A consulta até nem correu muito mal (a prova disso é que sobrevivi para a “contar”), mas ouve lá alguns episódios dolorosos: levei duas injecções nos nervos sem anestesia, injecções essas que me provocaram dores semelhantes àquelas exemplificadas no filme “127 Horas” (atenção ao Spoiler), quando o protagonista se vê obrigado a cortar nervo a nervo como se estivesse a tocar harpa, mas a dentista pediu rapidamente desculpa e para não me doer mais, deu-me logo a seguir com um utensílio na face junto ao olho para desviar a minha atenção de umas dores para as outras. Foi tão traumático que até suei, afirmou a dentista chocada com a minha cara de sofrimento, ao que eu respondi com a descontracção possível, que até eu tinha suado um pouco também. Este acontecimento deu-me a ideia da criação de uma anestesia para administrar aos pacientes para que a aplicação das anestesias normais não causem dor. Fica a sugestão...
Se não bastasse todo este sofrimento, ainda tive de esperar uma hora na recepção no final da consulta para tentar pagar.
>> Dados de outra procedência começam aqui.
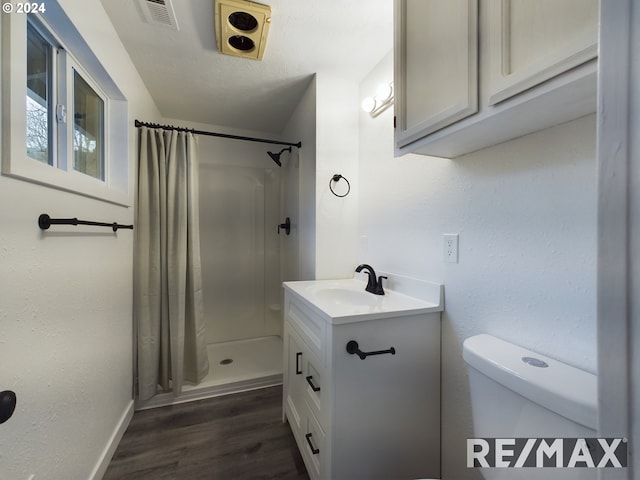 bathroom featuring hardwood / wood-style floors, vanity, curtained shower, and toilet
Como sempre acontece nestes casos de incompetência, o problema foi do sistema informático que não é capaz de funcionar sozinho quando existe uma funcionária aselha a tentar teclar alguma coisa. As desculpas são sempre as mesmas “O sistema está lento”, “O sistema encravou”, “O computador está avariado e desliga-se sozinho”, “O sistema não assumiu os dados porque eu cancelei a operação e agora temos que começar tudo de novo”, etc. Eu disse funcionária, mas na realidade foi um “gajo” que me atendeu, mas que rapidamente foi reformulado para “funcionária” já que as restantes colegas eram todas mulheres, mas o que o desmascarou foi o facto de me ter perguntado que tipo de consulta tinha tido, eu respondi “Dentista” e “ele” corrigiu para “Medicina Dentária”… ah, e por ter as unhas pintadas com verniz brilhante.
O que é certo é que fiquei de boca aberta no final da consulta, já que devido à incompetência na utilização de computadores com as unhas pintadas, esta funcionária não me conseguiu emitir a nenhuma factura e como tal, não paguei nada. Tendo em conta todo o transtorno a que fui submetido, o mínimo que me poderiam ter feito era terem-me oferecido a consulta e indemnizarem-me por danos físicos e psicológicos.
A moral desta história é: “Lavem os dentes, ou escolham melhor os vossos dentistas”.